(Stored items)
* * * * * * *
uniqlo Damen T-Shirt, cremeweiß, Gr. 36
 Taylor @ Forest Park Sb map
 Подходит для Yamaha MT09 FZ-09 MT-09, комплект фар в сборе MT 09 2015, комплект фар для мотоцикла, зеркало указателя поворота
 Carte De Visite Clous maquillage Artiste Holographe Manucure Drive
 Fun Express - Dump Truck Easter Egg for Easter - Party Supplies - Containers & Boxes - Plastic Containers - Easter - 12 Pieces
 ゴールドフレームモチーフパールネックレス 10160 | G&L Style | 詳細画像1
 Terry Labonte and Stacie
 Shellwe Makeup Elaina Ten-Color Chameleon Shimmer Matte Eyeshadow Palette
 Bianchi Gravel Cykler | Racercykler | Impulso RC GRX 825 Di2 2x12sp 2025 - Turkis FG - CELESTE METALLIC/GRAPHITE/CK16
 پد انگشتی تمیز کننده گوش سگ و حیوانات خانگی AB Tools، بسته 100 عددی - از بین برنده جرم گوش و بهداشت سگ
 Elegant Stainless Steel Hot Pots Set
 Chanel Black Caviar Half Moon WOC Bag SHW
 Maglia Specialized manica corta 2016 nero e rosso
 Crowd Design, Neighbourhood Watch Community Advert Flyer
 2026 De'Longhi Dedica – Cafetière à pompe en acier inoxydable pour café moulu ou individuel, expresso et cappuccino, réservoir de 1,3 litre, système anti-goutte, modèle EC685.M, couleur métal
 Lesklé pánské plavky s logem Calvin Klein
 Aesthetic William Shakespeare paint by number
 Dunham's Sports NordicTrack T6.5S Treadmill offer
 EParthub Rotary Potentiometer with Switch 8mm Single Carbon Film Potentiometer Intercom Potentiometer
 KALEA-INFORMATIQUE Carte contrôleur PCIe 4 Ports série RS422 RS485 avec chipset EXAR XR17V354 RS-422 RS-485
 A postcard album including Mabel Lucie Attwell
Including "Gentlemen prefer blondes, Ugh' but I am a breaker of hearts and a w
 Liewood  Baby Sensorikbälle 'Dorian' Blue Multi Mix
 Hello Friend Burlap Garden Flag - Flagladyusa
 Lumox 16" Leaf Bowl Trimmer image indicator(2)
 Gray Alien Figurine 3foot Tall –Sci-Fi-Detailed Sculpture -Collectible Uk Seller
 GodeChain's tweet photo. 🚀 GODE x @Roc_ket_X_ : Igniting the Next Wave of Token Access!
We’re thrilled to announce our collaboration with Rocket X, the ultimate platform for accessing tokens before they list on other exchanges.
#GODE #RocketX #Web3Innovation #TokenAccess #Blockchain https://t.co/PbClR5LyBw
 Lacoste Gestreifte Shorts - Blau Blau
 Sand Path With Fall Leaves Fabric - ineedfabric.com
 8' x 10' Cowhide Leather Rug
* * * * * * *
**Task requirements:**
Copy out each line of the data above, exactly, if it lies between the line holding "Blue Multi Mix" and the line holding "GodeChain's tweet photo.", inclusive; copy no other line.

**Task output:**
 Liewood  Baby Sensorikbälle 'Dorian' Blue Multi Mix
 Hello Friend Burlap Garden Flag - Flagladyusa
 Lumox 16" Leaf Bowl Trimmer image indicator(2)
 Gray Alien Figurine 3foot Tall –Sci-Fi-Detailed Sculpture -Collectible Uk Seller
 GodeChain's tweet photo. 🚀 GODE x @Roc_ket_X_ : Igniting the Next Wave of Token Access!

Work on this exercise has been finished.